Le zellige, cet art décoratif emblématique du Maghreb, incarne à la fois la richesse culturelle et le savoir-faire artisanal de la région. Ses motifs géométriques complexes et ses couleurs vibrantes ornent les mosquées, les palais, les maisons et les fontaines, témoignant d’une tradition artistique qui a traversé les siècles. Cet article explore l’histoire, l’origine et l’évolution du zellige, en mettant un accent particulier sur son adoption et son adaptation en Algérie.
Les Origines du Zellige : Un Héritage Andalou et Marocain
L’art du zellige trouve ses racines dans l’Antiquité, mais il a connu son apogée durant la période islamique, notamment sous les dynasties almohade et mérinide au Maroc (XIIe-XIVe siècles). Inspiré des mosaïques byzantines et romaines, le zellige s’est développé comme une expression artistique unique, adaptée aux principes de l’art islamique, qui évite la représentation figurative au profit de motifs géométriques et floraux.
Le mot zellige (ou zellij) dérive de l’arabe الزليج (al-zulayj), signifiant « petite pierre polie ». Cette technique consiste à assembler des morceaux de terre cuite émaillée, découpés avec précision, pour former des motifs complexes.
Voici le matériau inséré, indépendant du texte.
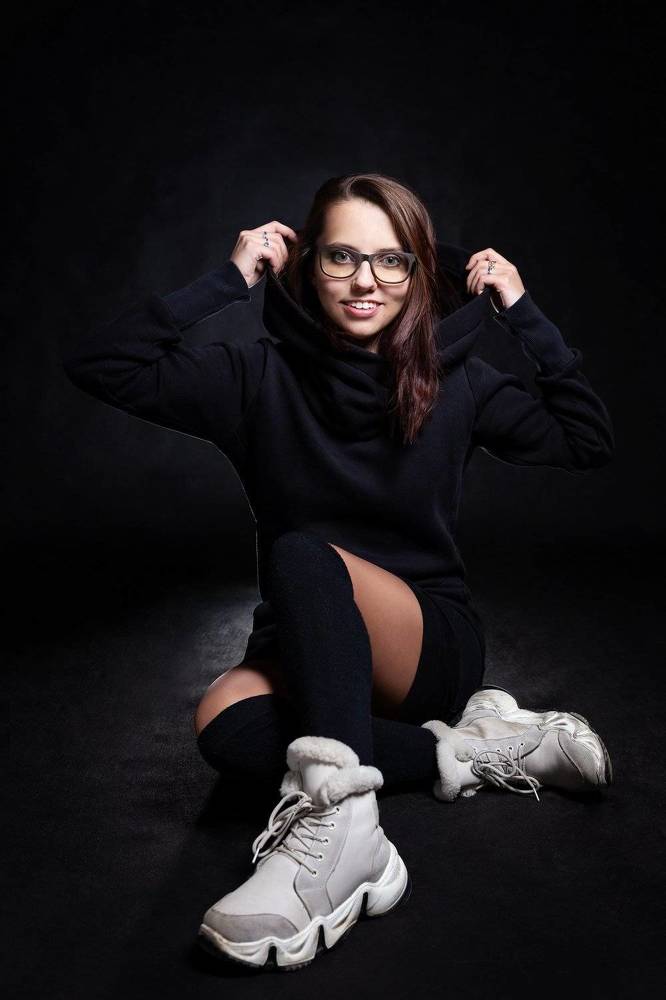 Photograph by Алексей Шматков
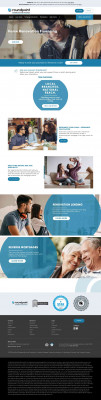 RoundPoint Mortgage: Feel at Home with Your Mortgage RoundPoint Mortgage: Feel at Home with Your Mortgage
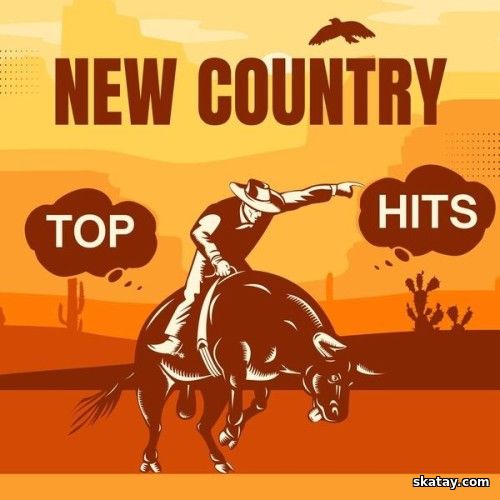 New Country Top Hits (2024)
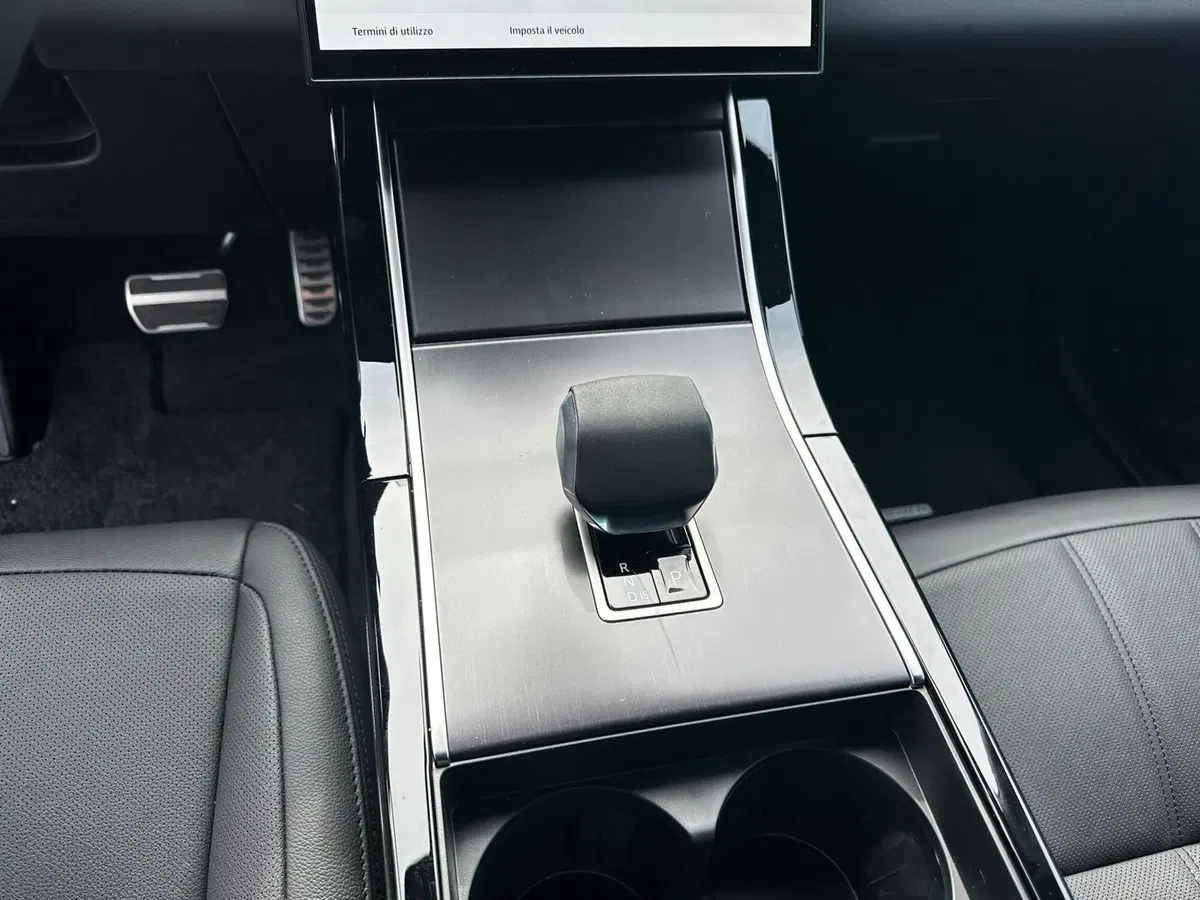 Land Rover Range Rover Evoque nuova a Ascoli Piceno (12)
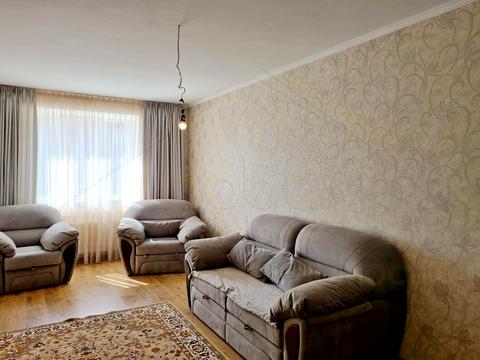 квартира за адресою Старобілоуська вул., 61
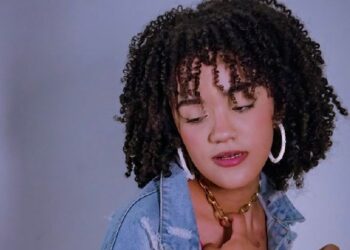 Sarah Oliver lança “Solinho 2.0”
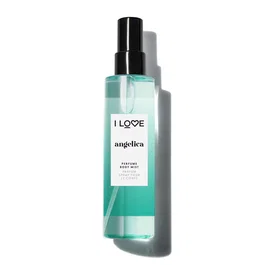 I Love Angelica Spray corporel rafraîchissant 200 ml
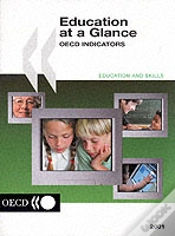 Capa do artigo Education At A Glance
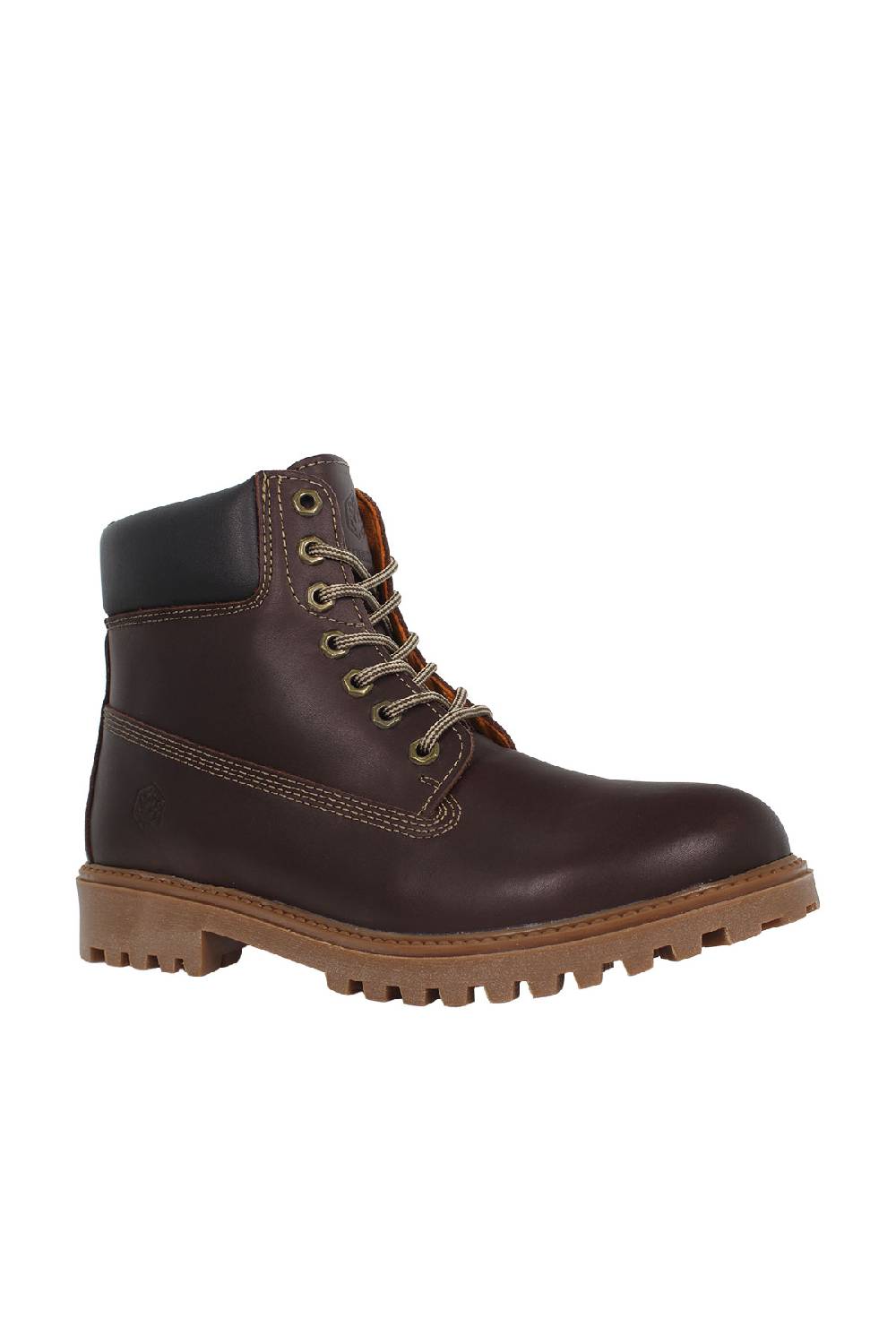 LumberJack RIVER 2 STIVALETTI UOMO Saldi Di Fabbrica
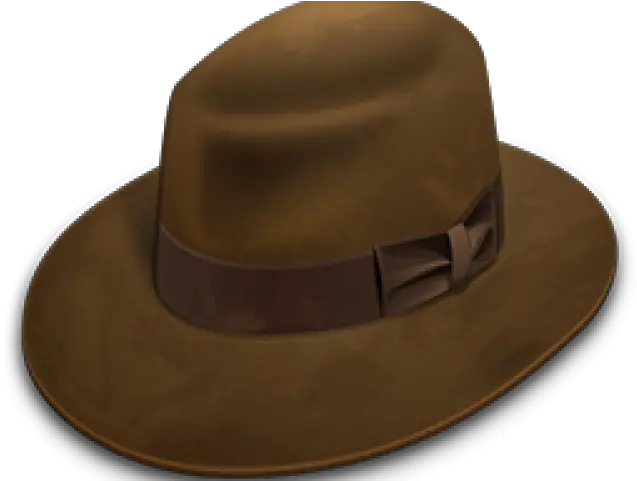 Indiana Jones Clipart Silhouette Cowboy Hat Png Indiana Jones Png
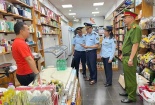 Cảnh báo vi phạm quyền sở hữu trí tuệ trên môi trường thương mại điện tử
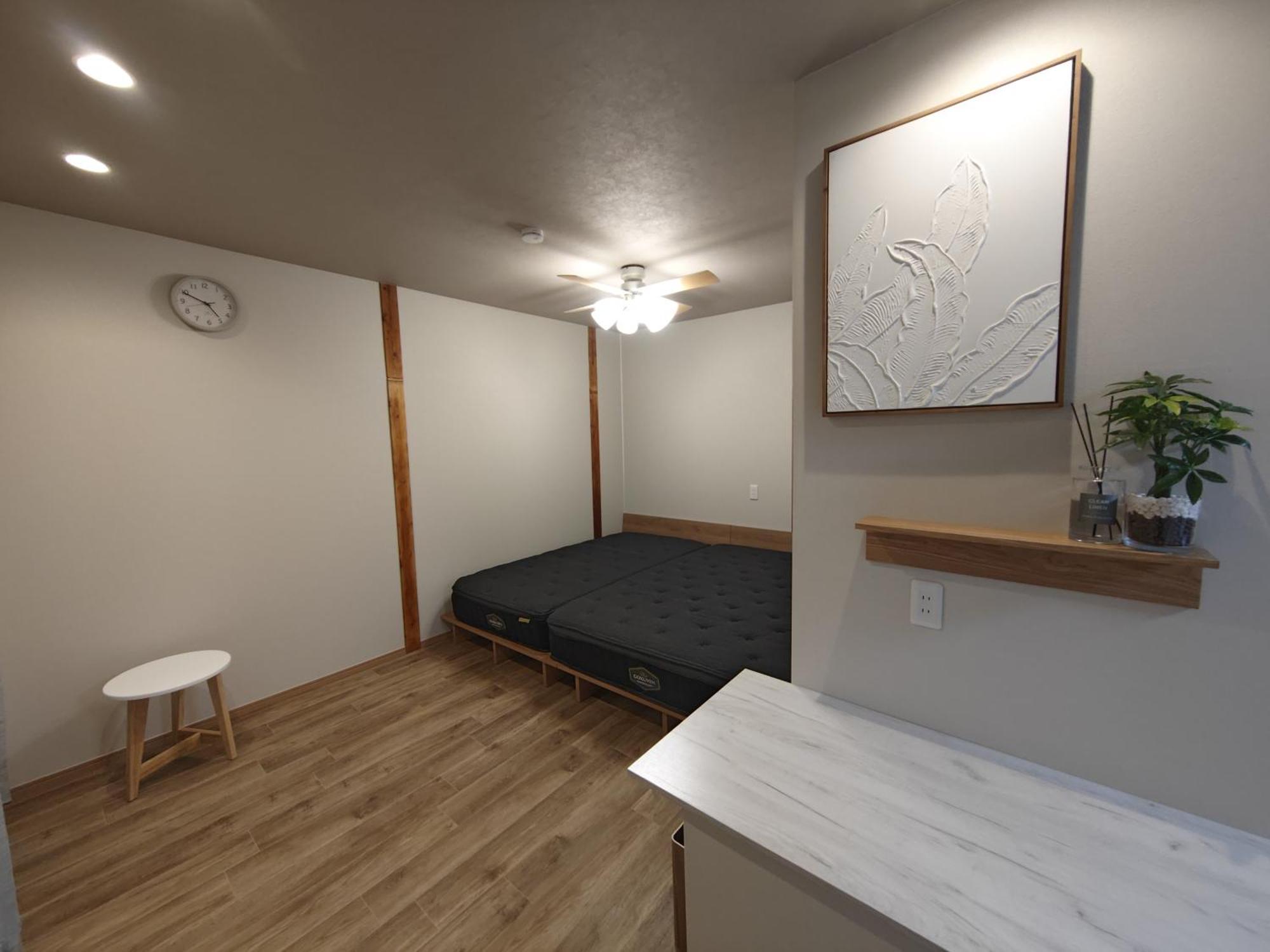 Yukimaru In Apartment โตเกียว ภายนอก รูปภาพ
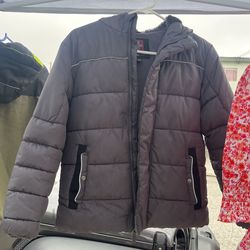 Boys Jacket 
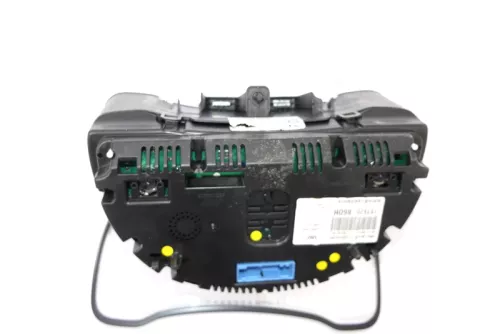 Skoda Citigo Tacho Tachometer Kombiinstrument 68.000km 1ST920860H Benziner (161414)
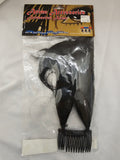 Anime Hairpiece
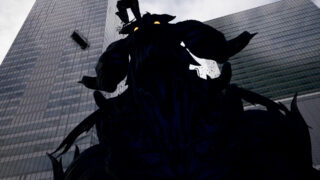 Gallery: Here’s the first look at Kingdom Hearts 4 gameplay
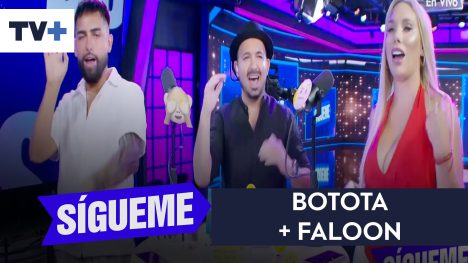 Sígueme, Embajadores del Chisme | 19 de Marzo de 2026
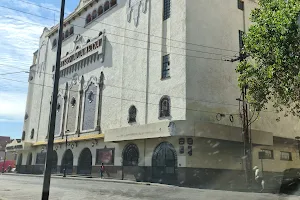 Cineteca Alameda image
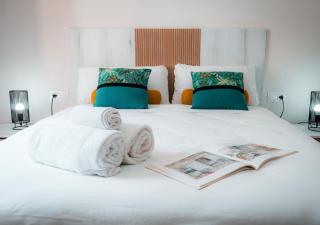 Apartamento turístico en el Albaicín QH Calderería Vieja - 2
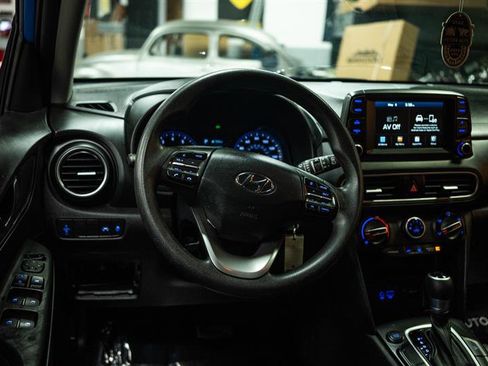 Used 2020 Hyundai Kona SE w/ Cargo Package FWD image 15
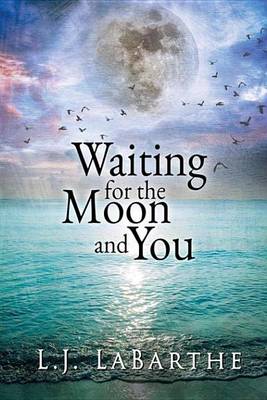Book cover for Waiting for the Moon and You
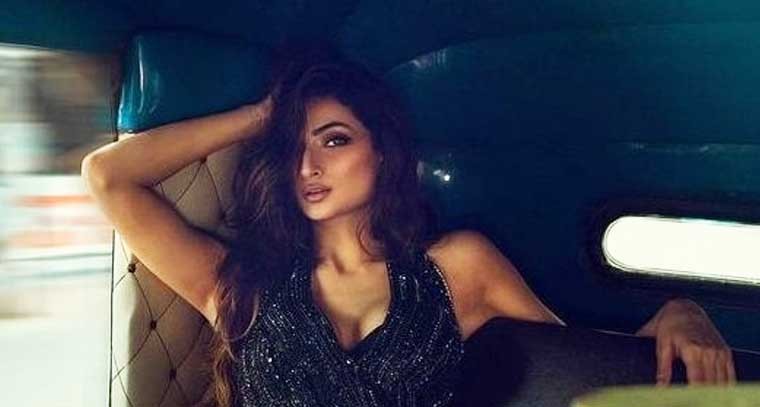 హాట్ అండ్ గ్లామరస్‌గా పాలక్ తివారీ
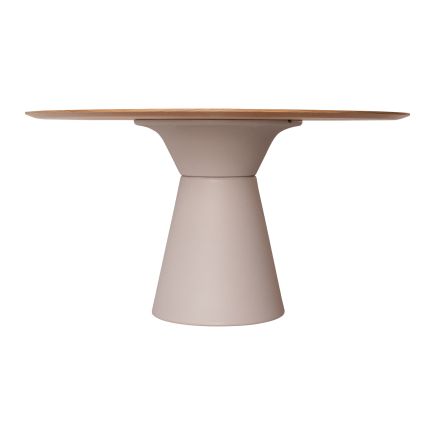 Mesa de Comedor Roble Natural ‘Essens’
Les couleurs traditionnelles – blanc, bleu, vert et jaune – étaient obtenues à partir de pigments naturels, et chaque pièce était cuite au four pour fixer les couleurs.

L’Expansion du Zellige dans le Maghreb
Avec l’expansion de l’Islam en Afrique du Nord, le zellige s’est répandu dans tout le Maghreb, s’adaptant aux particularités locales. Au Maroc, il est devenu un élément central de l’architecture, notamment dans les médersas (écoles coraniques) et les mosquées. En Tunisie, il a été intégré dans les palais et les demeures aristocratiques, tandis qu’en Algérie, il a trouvé une place de choix dans l’art religieux et domestique.
Le Zellige en Algérie : Une Tradition Ancestrale
En Algérie, le zellige a été adopté dès le Moyen Âge, sous l’influence des dynasties berbères et arabo-musulmanes. Les villes historiques comme Tlemcen, Constantine et Alger ont été des foyers majeurs de cet art. La mosquée de Sidi Boumediene à Tlemcen, construite au XIIe siècle, est un exemple remarquable de l’utilisation du zellige dans l’architecture religieuse algérienne. Ses murs et ses colonnes sont ornés de motifs géométriques et épigraphiques, reflétant la spiritualité et l’esthétique de l’époque.
Sous la période ottomane (XVIe-XIXe siècles), le zellige a continué à se développer, notamment dans les palais et les demeures des notables. Les artisans algériens ont su enrichir cet art en y intégrant des influences locales, créant ainsi un style distinctif. Les couleurs vives et les motifs complexes du zellige algérien reflètent la diversité culturelle du pays, mêlant influences berbères, arabes et ottomanes.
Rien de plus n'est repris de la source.